◆ Problem to solve
Write out the lines below exactly, beginning at the one with "A 2 means violent" and stopping after the one with "Follow this guide"; the pictures are not copied.

◆ Supplied material
═══

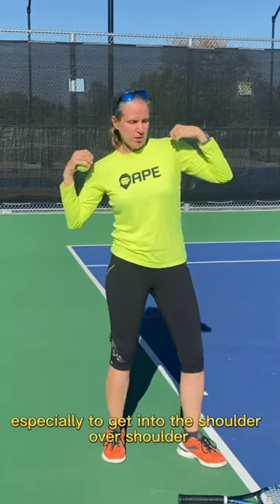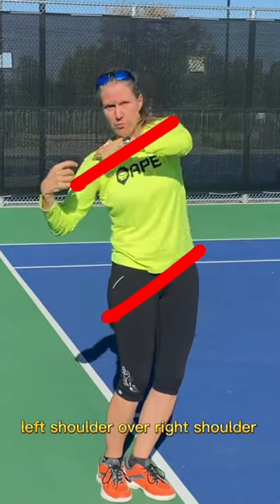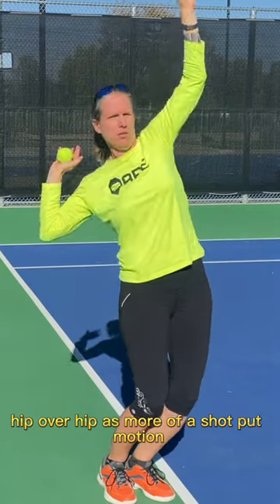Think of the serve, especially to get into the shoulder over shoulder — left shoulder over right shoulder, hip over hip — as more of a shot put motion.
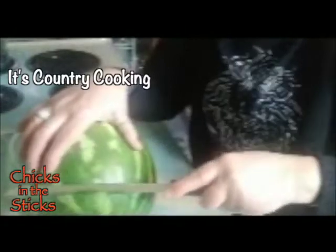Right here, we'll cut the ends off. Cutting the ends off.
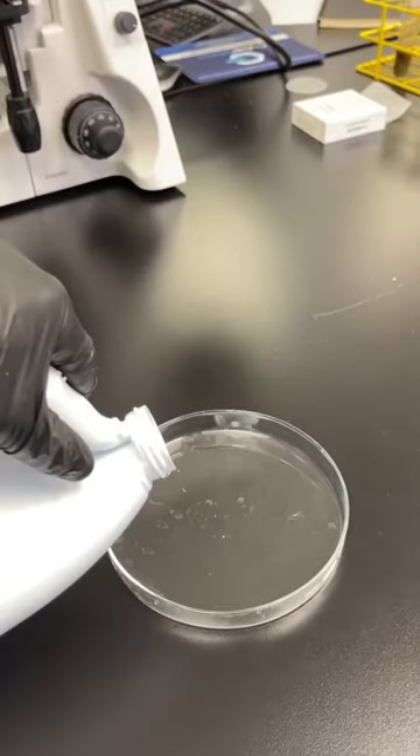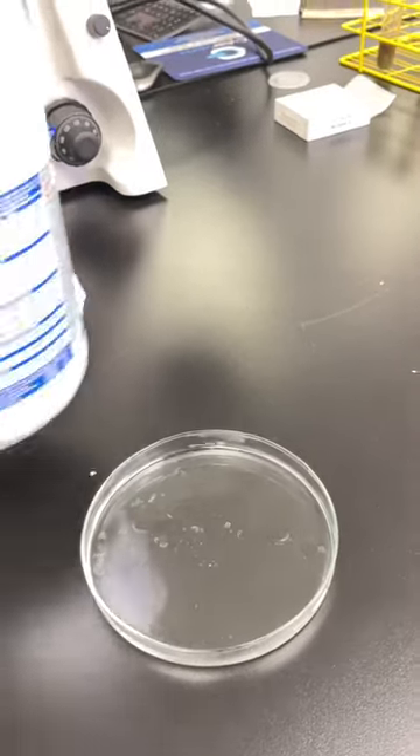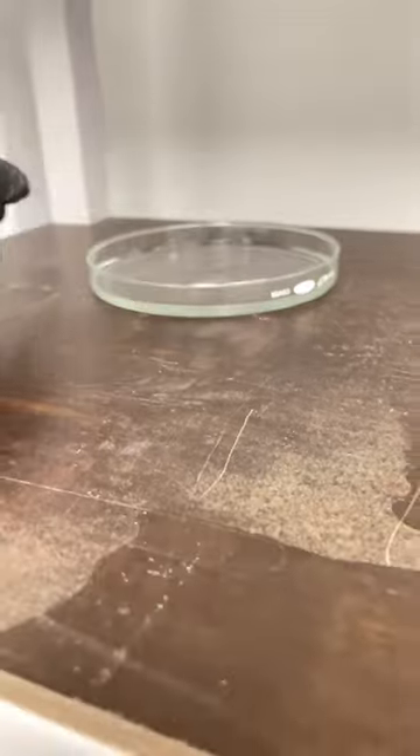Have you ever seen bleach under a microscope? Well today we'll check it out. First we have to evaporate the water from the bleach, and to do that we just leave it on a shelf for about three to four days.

═══

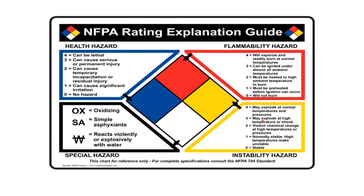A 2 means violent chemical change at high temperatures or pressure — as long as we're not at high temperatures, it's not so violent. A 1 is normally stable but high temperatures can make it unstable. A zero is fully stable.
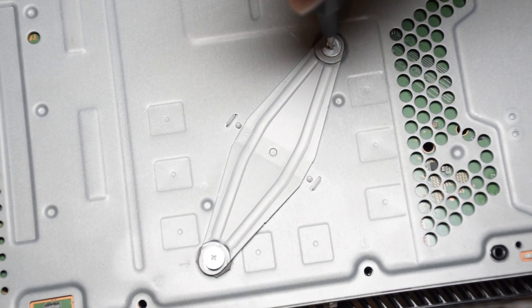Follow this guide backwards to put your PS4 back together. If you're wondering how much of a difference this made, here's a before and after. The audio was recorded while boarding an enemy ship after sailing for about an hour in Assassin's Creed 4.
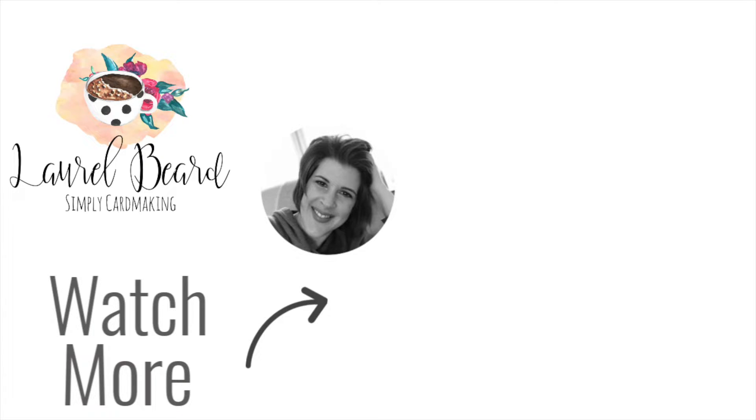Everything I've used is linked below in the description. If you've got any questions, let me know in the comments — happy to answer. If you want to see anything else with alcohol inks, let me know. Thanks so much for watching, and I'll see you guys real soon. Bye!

═══

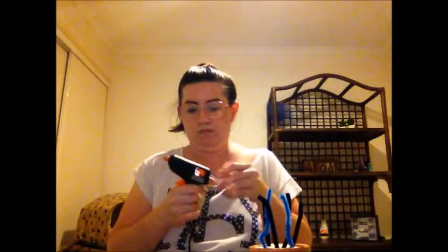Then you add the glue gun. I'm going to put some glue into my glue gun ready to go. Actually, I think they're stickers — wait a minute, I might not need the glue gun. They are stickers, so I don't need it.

═══

◆ Answer for the task
A 2 means violent chemical change at high temperatures or pressure — as long as we're not at high temperatures, it's not so violent. A 1 is normally stable but high temperatures can make it unstable. A zero is fully stable.
Follow this guide backwards to put your PS4 back together. If you're wondering how much of a difference this made, here's a before and after. The audio was recorded while boarding an enemy ship after sailing for about an hour in Assassin's Creed 4.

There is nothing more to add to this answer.